--- WHAT YOU SHOULD DO ---
Print nothing but the lines from the start of the listing below through the line that contains "Bumblebee Umwelt Natur". Do not include the pictures.

[Opening GIVEN DATA section]

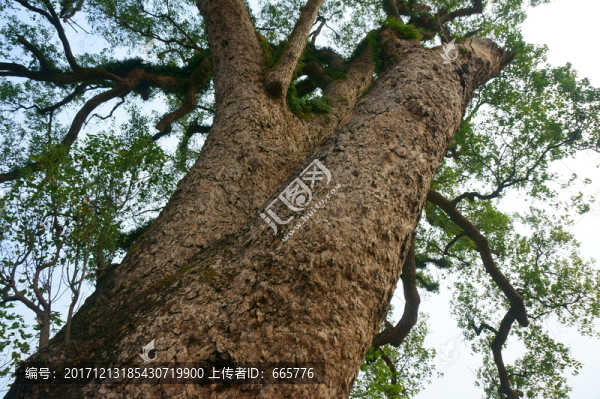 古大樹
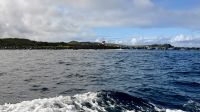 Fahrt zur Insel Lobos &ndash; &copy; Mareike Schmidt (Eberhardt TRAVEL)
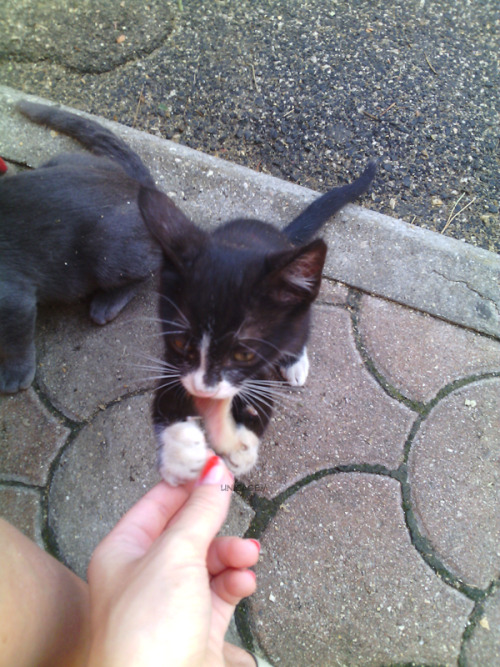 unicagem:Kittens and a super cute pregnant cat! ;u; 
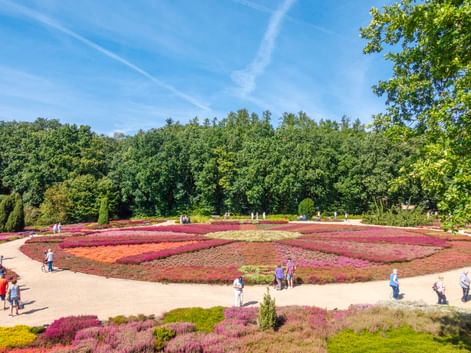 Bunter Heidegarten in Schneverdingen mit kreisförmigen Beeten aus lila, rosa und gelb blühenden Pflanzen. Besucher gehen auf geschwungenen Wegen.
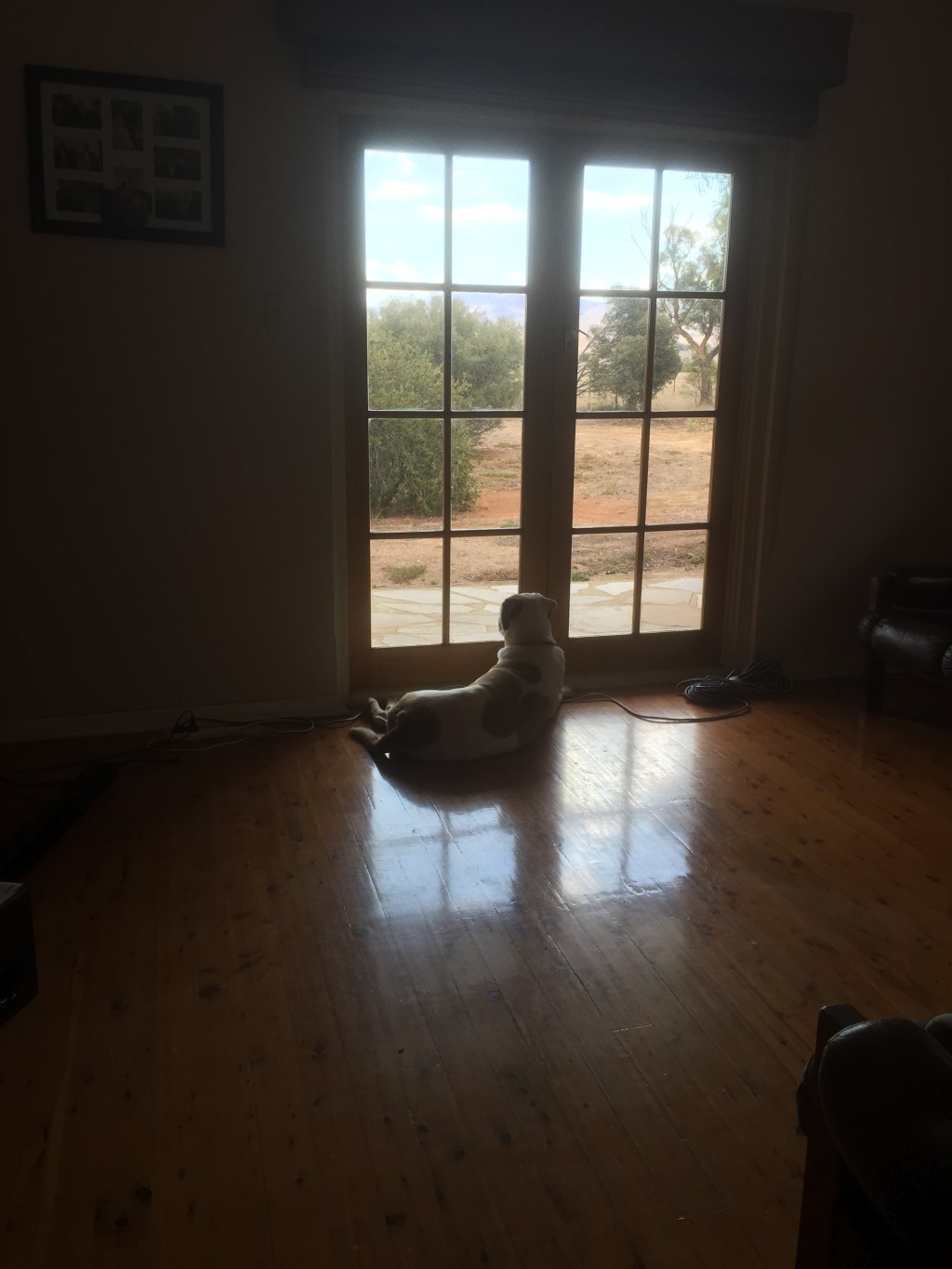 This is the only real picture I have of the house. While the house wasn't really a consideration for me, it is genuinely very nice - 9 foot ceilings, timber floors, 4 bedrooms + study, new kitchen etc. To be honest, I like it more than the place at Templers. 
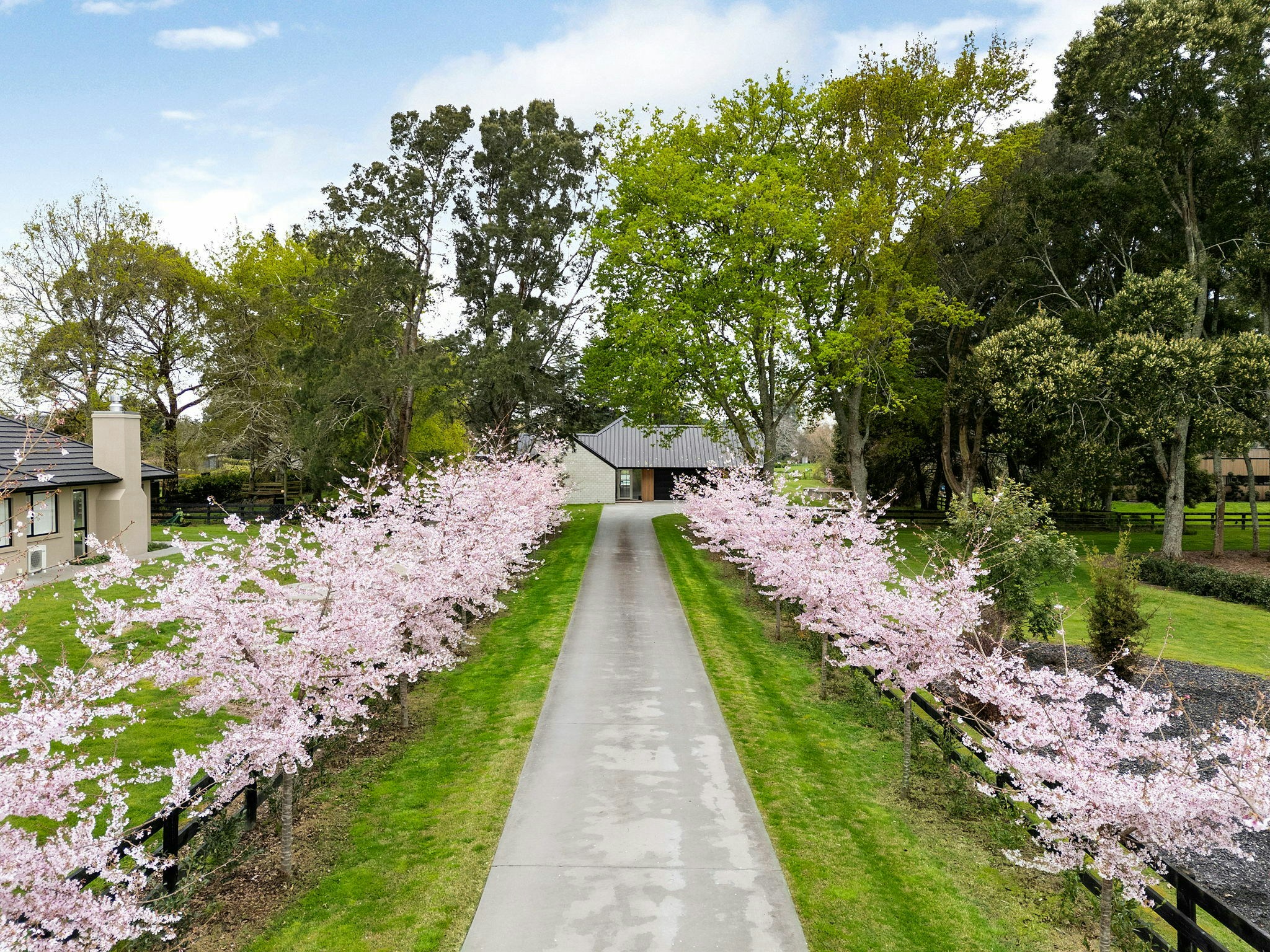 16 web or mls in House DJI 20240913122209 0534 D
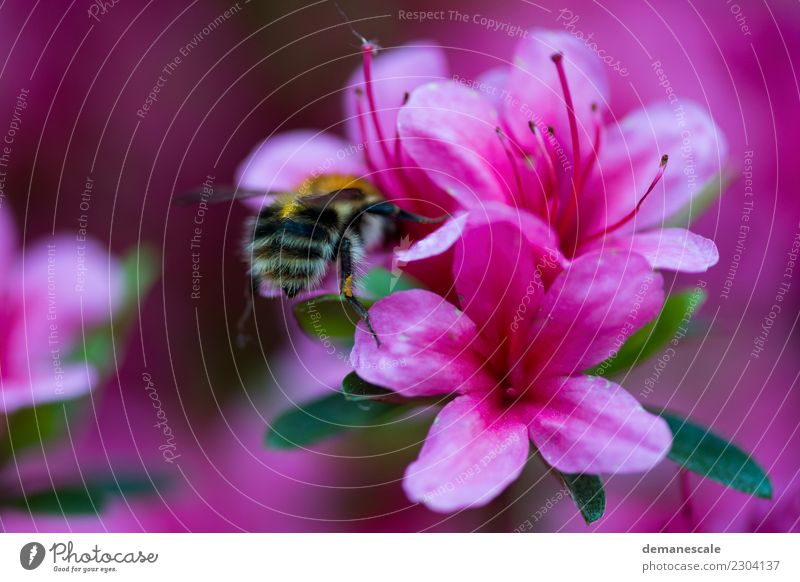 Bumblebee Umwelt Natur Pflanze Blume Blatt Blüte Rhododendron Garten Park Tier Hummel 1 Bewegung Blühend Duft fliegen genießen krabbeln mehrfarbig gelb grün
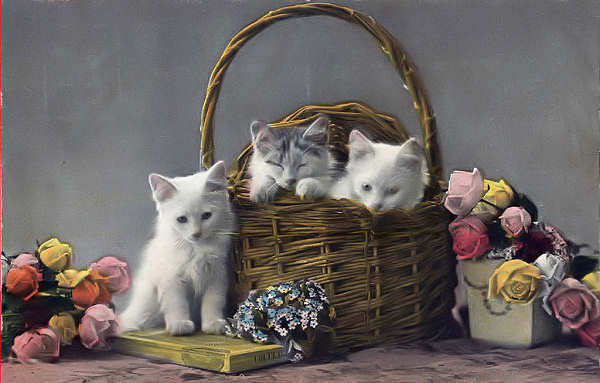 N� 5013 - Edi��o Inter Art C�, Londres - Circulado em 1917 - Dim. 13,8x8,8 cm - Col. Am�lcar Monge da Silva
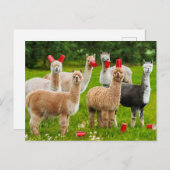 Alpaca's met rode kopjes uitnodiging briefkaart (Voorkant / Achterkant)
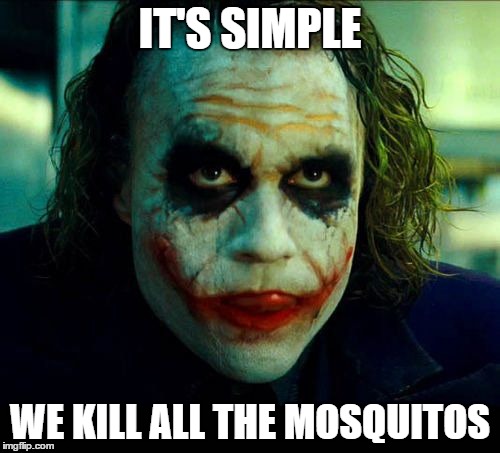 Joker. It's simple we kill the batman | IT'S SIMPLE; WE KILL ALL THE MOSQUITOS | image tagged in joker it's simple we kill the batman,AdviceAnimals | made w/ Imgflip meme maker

[Closing GIVEN DATA section]

--- SOLUTION TO THIS EXERCISE ---
 古大樹
 Fahrt zur Insel Lobos &ndash; &copy; Mareike Schmidt (Eberhardt TRAVEL)
 unicagem:Kittens and a super cute pregnant cat! ;u; 
 Bunter Heidegarten in Schneverdingen mit kreisförmigen Beeten aus lila, rosa und gelb blühenden Pflanzen. Besucher gehen auf geschwungenen Wegen.
 This is the only real picture I have of the house. While the house wasn't really a consideration for me, it is genuinely very nice - 9 foot ceilings, timber floors, 4 bedrooms + study, new kitchen etc. To be honest, I like it more than the place at Templers. 
 16 web or mls in House DJI 20240913122209 0534 D
 Bumblebee Umwelt Natur Pflanze Blume Blatt Blüte Rhododendron Garten Park Tier Hummel 1 Bewegung Blühend Duft fliegen genießen krabbeln mehrfarbig gelb grün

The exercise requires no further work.